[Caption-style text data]
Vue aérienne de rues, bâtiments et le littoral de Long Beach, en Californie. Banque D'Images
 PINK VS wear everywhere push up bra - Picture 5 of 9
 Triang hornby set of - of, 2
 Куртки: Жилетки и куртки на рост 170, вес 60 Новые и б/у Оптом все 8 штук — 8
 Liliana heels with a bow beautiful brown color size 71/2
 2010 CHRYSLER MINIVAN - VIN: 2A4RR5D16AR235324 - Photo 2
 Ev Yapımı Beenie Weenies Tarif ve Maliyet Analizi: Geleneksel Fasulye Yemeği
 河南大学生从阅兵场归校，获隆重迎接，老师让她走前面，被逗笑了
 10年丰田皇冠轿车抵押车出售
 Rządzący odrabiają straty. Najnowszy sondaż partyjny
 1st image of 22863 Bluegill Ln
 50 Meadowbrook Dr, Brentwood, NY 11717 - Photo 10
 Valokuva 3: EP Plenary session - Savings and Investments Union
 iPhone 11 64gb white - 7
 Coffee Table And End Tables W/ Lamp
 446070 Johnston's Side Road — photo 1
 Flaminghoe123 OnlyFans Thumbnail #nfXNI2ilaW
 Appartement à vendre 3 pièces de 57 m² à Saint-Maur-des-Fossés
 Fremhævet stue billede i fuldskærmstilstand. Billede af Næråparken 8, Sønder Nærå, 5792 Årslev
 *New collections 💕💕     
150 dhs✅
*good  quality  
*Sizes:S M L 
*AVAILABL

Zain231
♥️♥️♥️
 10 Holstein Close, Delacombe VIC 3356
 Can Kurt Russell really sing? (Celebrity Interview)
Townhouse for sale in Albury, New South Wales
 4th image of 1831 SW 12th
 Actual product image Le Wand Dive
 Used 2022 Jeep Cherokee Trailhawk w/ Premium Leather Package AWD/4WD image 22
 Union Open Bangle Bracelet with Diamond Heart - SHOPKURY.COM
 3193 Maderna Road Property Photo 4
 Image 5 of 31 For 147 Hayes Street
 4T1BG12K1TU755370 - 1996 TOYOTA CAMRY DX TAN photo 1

● What is required
Wherever a line in the data above holds the word "with", copy that line.

● Response
 Liliana heels with a bow beautiful brown color size 71/2
 Union Open Bangle Bracelet with Diamond Heart - SHOPKURY.COM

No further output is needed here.